Goal of the exercise => Every line from the one containing "日本九州採草莓推薦｜吉次園K" to the final line of the material below must be reproduced exactly; leave out all other lines.

Supplied entries =>
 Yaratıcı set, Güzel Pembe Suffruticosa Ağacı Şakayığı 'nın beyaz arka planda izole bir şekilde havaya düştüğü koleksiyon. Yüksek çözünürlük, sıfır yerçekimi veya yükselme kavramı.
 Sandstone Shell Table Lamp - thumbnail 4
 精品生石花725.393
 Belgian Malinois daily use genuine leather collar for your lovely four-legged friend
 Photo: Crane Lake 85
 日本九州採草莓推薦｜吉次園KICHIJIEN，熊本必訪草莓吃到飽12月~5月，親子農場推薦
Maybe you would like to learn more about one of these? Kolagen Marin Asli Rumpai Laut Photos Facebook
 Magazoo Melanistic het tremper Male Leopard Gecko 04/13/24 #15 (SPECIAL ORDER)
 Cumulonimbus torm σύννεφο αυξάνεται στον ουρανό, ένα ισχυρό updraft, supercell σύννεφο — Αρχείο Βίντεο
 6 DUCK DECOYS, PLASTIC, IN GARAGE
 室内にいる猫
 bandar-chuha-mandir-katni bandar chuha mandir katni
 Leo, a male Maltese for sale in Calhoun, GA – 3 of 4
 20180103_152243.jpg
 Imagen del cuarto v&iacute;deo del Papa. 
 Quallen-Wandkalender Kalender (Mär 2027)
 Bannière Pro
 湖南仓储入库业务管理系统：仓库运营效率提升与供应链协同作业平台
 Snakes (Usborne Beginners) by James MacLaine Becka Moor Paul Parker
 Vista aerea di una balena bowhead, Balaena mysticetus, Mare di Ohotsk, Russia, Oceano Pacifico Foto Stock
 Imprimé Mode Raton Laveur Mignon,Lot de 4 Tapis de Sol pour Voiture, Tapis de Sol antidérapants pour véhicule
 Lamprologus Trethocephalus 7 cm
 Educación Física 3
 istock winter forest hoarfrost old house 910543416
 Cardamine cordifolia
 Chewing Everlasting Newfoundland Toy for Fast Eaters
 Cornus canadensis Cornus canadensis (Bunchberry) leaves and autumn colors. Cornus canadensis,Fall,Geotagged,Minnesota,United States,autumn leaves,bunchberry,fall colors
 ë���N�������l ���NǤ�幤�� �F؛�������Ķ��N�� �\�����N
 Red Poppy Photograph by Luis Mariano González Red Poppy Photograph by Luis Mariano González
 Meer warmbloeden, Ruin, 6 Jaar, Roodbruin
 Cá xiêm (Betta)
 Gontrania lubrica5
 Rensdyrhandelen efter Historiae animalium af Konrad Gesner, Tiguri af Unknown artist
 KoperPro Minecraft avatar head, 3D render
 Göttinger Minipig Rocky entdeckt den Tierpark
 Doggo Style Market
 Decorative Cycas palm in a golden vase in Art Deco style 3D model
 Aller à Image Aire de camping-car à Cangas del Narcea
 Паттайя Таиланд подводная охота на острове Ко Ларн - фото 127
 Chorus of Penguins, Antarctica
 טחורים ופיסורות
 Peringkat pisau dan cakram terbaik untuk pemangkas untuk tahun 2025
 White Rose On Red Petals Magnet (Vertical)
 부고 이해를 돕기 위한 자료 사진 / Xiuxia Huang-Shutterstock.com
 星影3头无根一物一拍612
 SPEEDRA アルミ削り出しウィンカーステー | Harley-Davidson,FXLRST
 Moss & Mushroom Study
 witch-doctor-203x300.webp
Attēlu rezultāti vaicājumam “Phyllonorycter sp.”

Output =>
 日本九州採草莓推薦｜吉次園KICHIJIEN，熊本必訪草莓吃到飽12月~5月，親子農場推薦
Maybe you would like to learn more about one of these? Kolagen Marin Asli Rumpai Laut Photos Facebook
 Magazoo Melanistic het tremper Male Leopard Gecko 04/13/24 #15 (SPECIAL ORDER)
 Cumulonimbus torm σύννεφο αυξάνεται στον ουρανό, ένα ισχυρό updraft, supercell σύννεφο — Αρχείο Βίντεο
 6 DUCK DECOYS, PLASTIC, IN GARAGE
 室内にいる猫
 bandar-chuha-mandir-katni bandar chuha mandir katni
 Leo, a male Maltese for sale in Calhoun, GA – 3 of 4
 20180103_152243.jpg
 Imagen del cuarto v&iacute;deo del Papa. 
 Quallen-Wandkalender Kalender (Mär 2027)
 Bannière Pro
 湖南仓储入库业务管理系统：仓库运营效率提升与供应链协同作业平台
 Snakes (Usborne Beginners) by James MacLaine Becka Moor Paul Parker
 Vista aerea di una balena bowhead, Balaena mysticetus, Mare di Ohotsk, Russia, Oceano Pacifico Foto Stock
 Imprimé Mode Raton Laveur Mignon,Lot de 4 Tapis de Sol pour Voiture, Tapis de Sol antidérapants pour véhicule
 Lamprologus Trethocephalus 7 cm
 Educación Física 3
 istock winter forest hoarfrost old house 910543416
 Cardamine cordifolia
 Chewing Everlasting Newfoundland Toy for Fast Eaters
 Cornus canadensis Cornus canadensis (Bunchberry) leaves and autumn colors. Cornus canadensis,Fall,Geotagged,Minnesota,United States,autumn leaves,bunchberry,fall colors
 ë���N�������l ���NǤ�幤�� �F؛�������Ķ��N�� �\�����N
 Red Poppy Photograph by Luis Mariano González Red Poppy Photograph by Luis Mariano González
 Meer warmbloeden, Ruin, 6 Jaar, Roodbruin
 Cá xiêm (Betta)
 Gontrania lubrica5
 Rensdyrhandelen efter Historiae animalium af Konrad Gesner, Tiguri af Unknown artist
 KoperPro Minecraft avatar head, 3D render
 Göttinger Minipig Rocky entdeckt den Tierpark
 Doggo Style Market
 Decorative Cycas palm in a golden vase in Art Deco style 3D model
 Aller à Image Aire de camping-car à Cangas del Narcea
 Паттайя Таиланд подводная охота на острове Ко Ларн - фото 127
 Chorus of Penguins, Antarctica
 טחורים ופיסורות
 Peringkat pisau dan cakram terbaik untuk pemangkas untuk tahun 2025
 White Rose On Red Petals Magnet (Vertical)
 부고 이해를 돕기 위한 자료 사진 / Xiuxia Huang-Shutterstock.com
 星影3头无根一物一拍612
 SPEEDRA アルミ削り出しウィンカーステー | Harley-Davidson,FXLRST
 Moss & Mushroom Study
 witch-doctor-203x300.webp
Attēlu rezultāti vaicājumam “Phyllonorycter sp.”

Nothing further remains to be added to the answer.